A Companion to Ancient Greece and Rome on Screen by Arthur J. Pomeroy

A Companion to Ancient Greece and Rome on Screen by Arthur J. Pomeroy

Author:Arthur J. Pomeroy
Language: eng
Format: epub, pdf
ISBN: 9781118741443
Publisher: John Wiley & Sons, Inc.
Published: 2017-07-26T00:00:00+00:00


Rossi and Greek and Roman Film Studies

The three miniseries discussed offer a substantial body of work for further exploration: at eighteen hours in total, they provide nearly as much material as the two seasons of BBC–HBO Rome. The use of anthropological themes as part of the landscape of Eneide calls for a study in its own right. For instance, after Aeneas has undergone his katabasis, Misenus is found dead, clutching a branch in his hand, as if fallen from a tree. The myth of the Golden Bough is thus transferred to the sacrificial victim, with Misenus recalling Odysseus’s crewman Elpenor, who greets his leader in the Underworld. At the same time, the arrival of the Trojans is portrayed as the influx of Iron Age peoples into a Bronze Age environment, most vividly when Aeneas’s sword cuts through Turnus’s bronze weapon on their first meeting (a scene that is not in the Aeneid). The tone is not of fascist imperialism, but rather an elegiac recall of the end of the age of heroes. Similarly, the depiction of Rome as a repressive society, where the city prefect Pedanius possesses files on dissidents and Tigellinus controls a repressive military force above the regular army, is a modernist reading that is absent from Sienkiewicz’s novel. While parallels have been drawn by Scodel and Bettenworth with the Holocaust and the German Generals’ Plot, more relevant for Rossi and his contemporaries would have been the situation in Italy under German occupation after Mussolini’s removal from power in 1943. The passive resistance of the Christian children together with the self‐sacrifice of Epicharis, a woman on the edge of society, recalls Rosellini’s Rome: Open City and its idealized depiction of a union of Marxists and Catholics against repression. That there are no scenes of chariots racing (the exception where Nero is shown practicing is deliberately uninvolving), a staple of “epic” versions of the novel since 1912 which has lent itself to parody in the Coen brothers’ Hail Caesar! (2016), is just one indicator of the desire to avoid typical film clichés (pace Scarrone 1985), as is the unusual absence of sex (represented only by Nero’s unsettling rape of Epicharis) or gratuitous violence. Violence there is, but the crucifixions of slaves, the mangling of Christians by lions (as Petronius notes in disgust, not a spectacle, but a carnival), and the burning of humans alive is not there for audience titillation.
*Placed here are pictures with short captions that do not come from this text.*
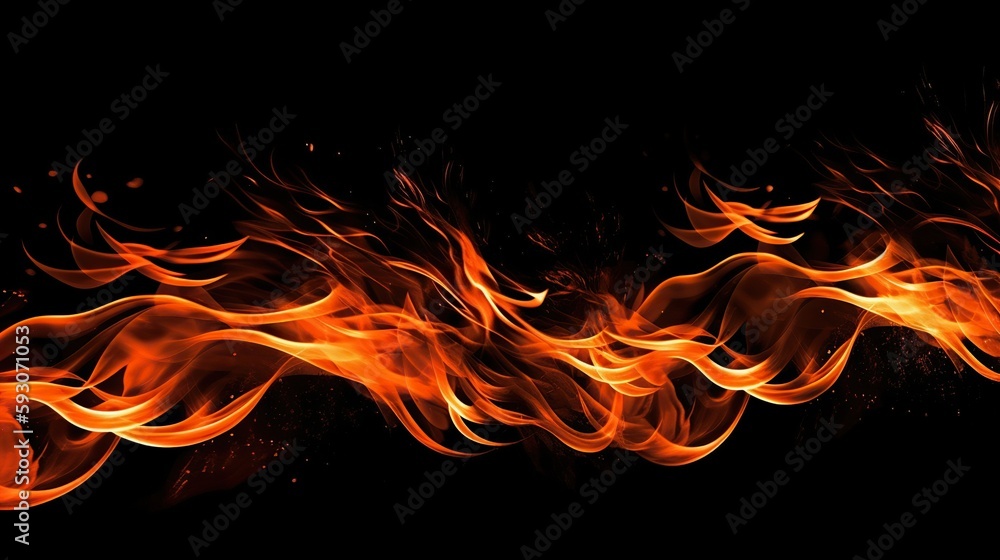 Fototapeta premium Fire flames on a distinct black background, Generative AI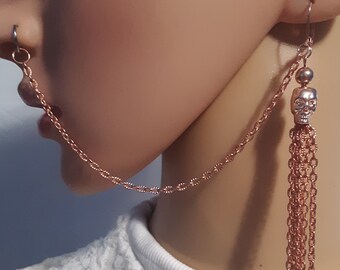 1-Strand Rose Gold with Skull and Tassel Nose to Ear Chain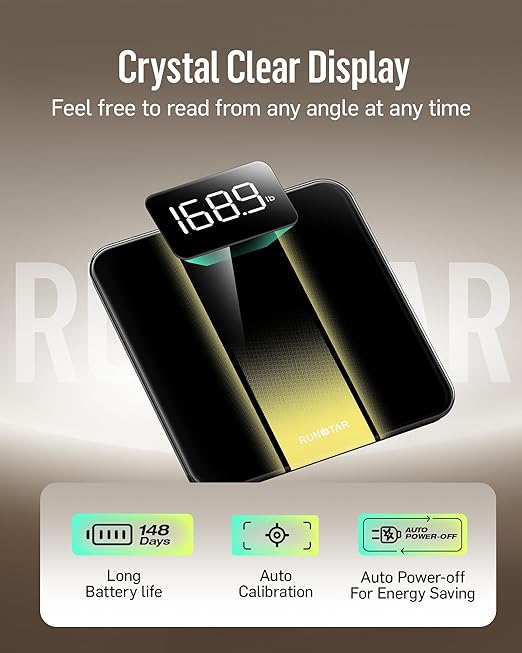 RunStar Digital Bathroom Scale for Body Weight, 400lb, with High Precision, Clear LED Backlight Display, Accurate Scale with 6mm Tempered Glass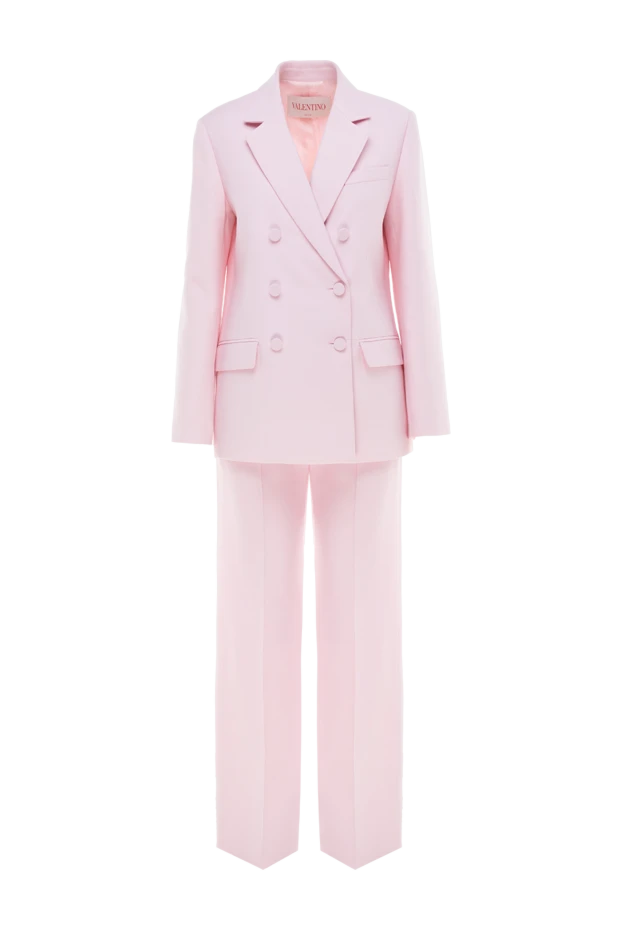 Valentino woman women's pink wool and silk suit with trousers купить с ценами и фото 176969 - photo 1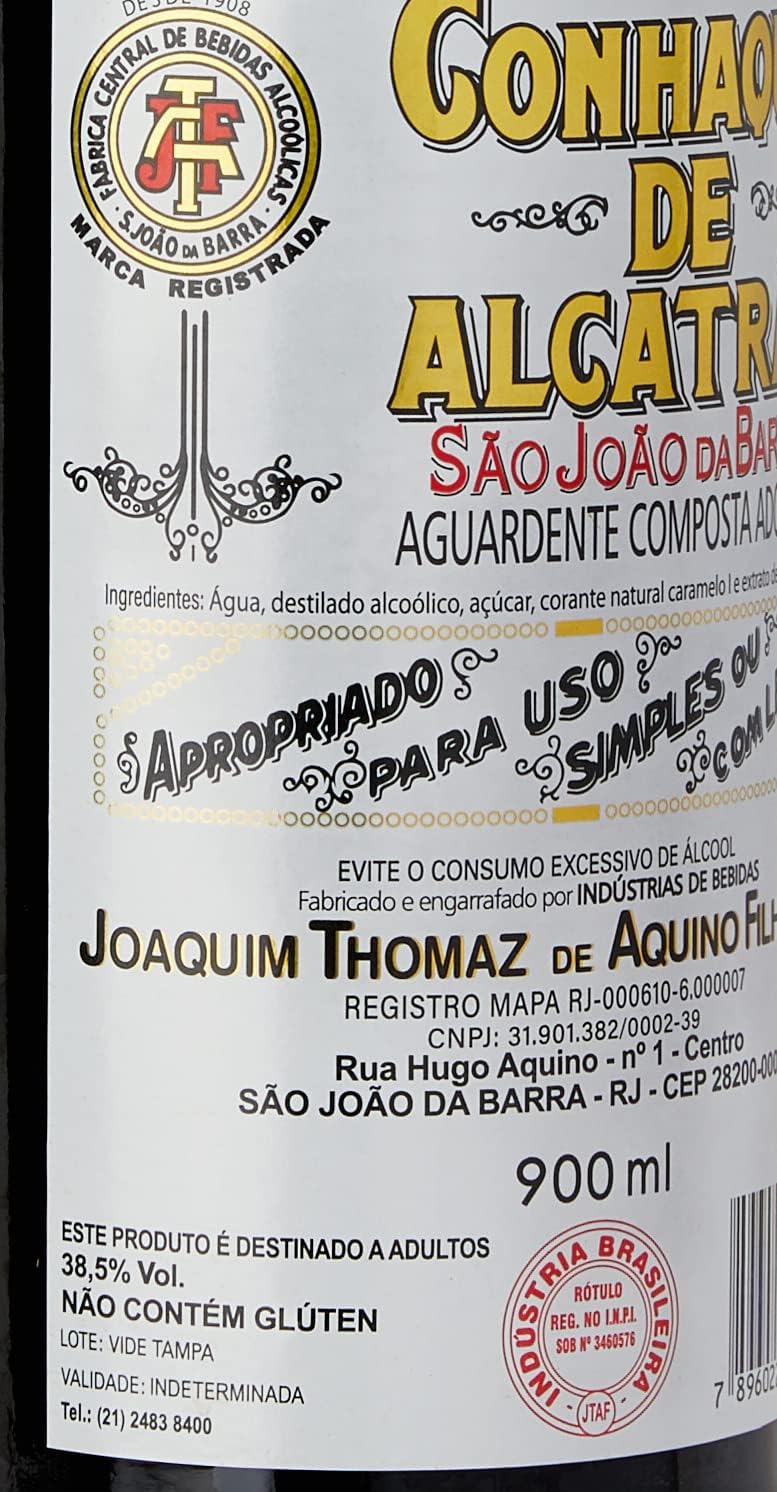 Bottle of São João da Barra Tar Cognac Aperitif by Joaquim Thomaz de Aquino Filho, 900ml, with a clear label and dark glass bottle.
At one time a typical response to the adaptation of texts on screen was to discuss the extent to which these versions are “faithful” to their sources or “authentic.” One Italian reviewer at the time of the original television screening lamented that the Eneide project would merely allow the viewers to avoid reading the original text. Such responses are, of course, versions of the theme that translation is a form of betrayal (traduttore traditore), a moralizing protection of property by suggesting that transfer is a violation of the rights of the original owner (or perhaps their heirs in a much later age).